Latvia votes in new government

Latvia votes in new government

    Godmanis previously led the government as Latvia broke from the Soviet Union [EPA]
    The 100-member parliament confirmed the government, Latvia's 14th in 16 years, by a vote of 54-43, with the remaining either absent or abstaining.
     
    While Godmanis is new, 15 of the 19 ministers from the previous cabinet return to their posts.
     
    During his speech in parliament on Thursday, ahead of the confidence vote, Godmanis spoke of the tasks ahead of his administration.
     
    "Now that Latvia is a member of EU and Nato there are no new guiding posts.
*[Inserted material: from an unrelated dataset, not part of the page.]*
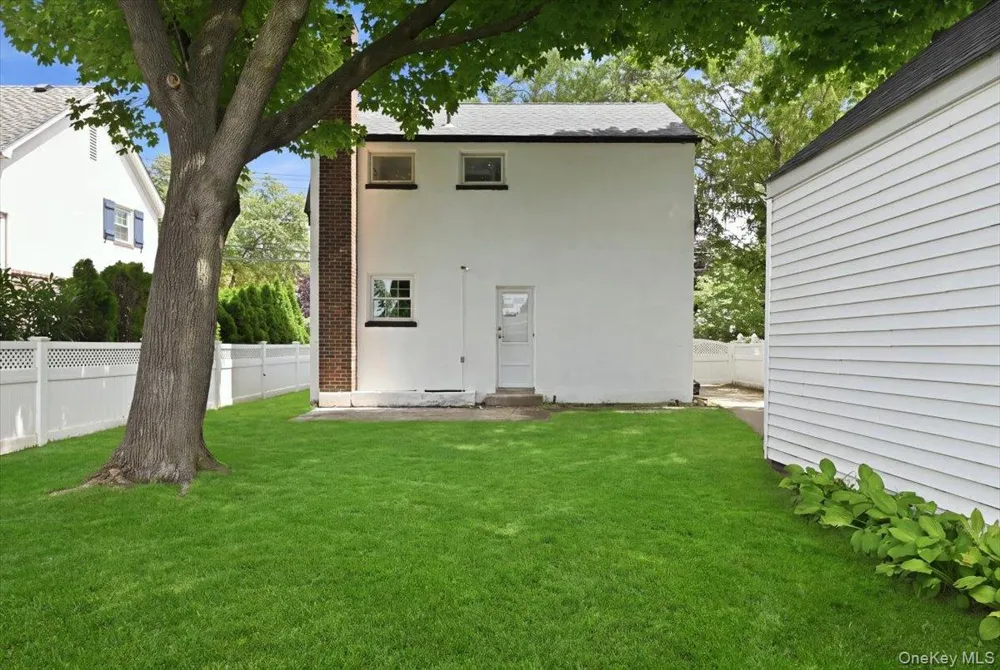 415 Leonard Boulevard New Hyde Park, NY 11040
The nation must motivate itself on its way to a democratic, developed state with European living standards," he said.
     
    New administration
     
    Sandra Kalniete, a senior Latvian legislator and opposition politician, said the future government would have to tackle the issues of enforcing anti-corruption measures and the rule of law.
     
    Kalniete was quoted by the AFP news agency as saying: "For Latvia, the crucial point is are we going to belong to the [transparent] Nordic political tradition or are we going to slide back?"
     
    Aigars Kalvitis, the former prime minister, was forced to resign earlier this month after he fired Aleksejs Loskutovs, a popular anti-corruption investigator, sparking two large demonstrations and calls for the government's resignation.
     
    Loskutovs was eventually reinstated, and Kalvitis's government, despite holding on to majority control in parliament, stepped down after a series of ministerial walkouts and public protests.
     
    Many Latvians, including Valdis Zatlers, the president, had hoped that New Era, a popular opposition party, would join the new coalition.
     
    But talks with the party broke down on Wednesday after New Era, unsatisfied with Godmanis, asked Zatlers to nominate an independent candidate as prime minister.
     
    Godmanis, seen as Latvia's first "free" prime minster, previously served as head of government from 1990-1993 as the Baltic state gained its independence from the Soviet Union.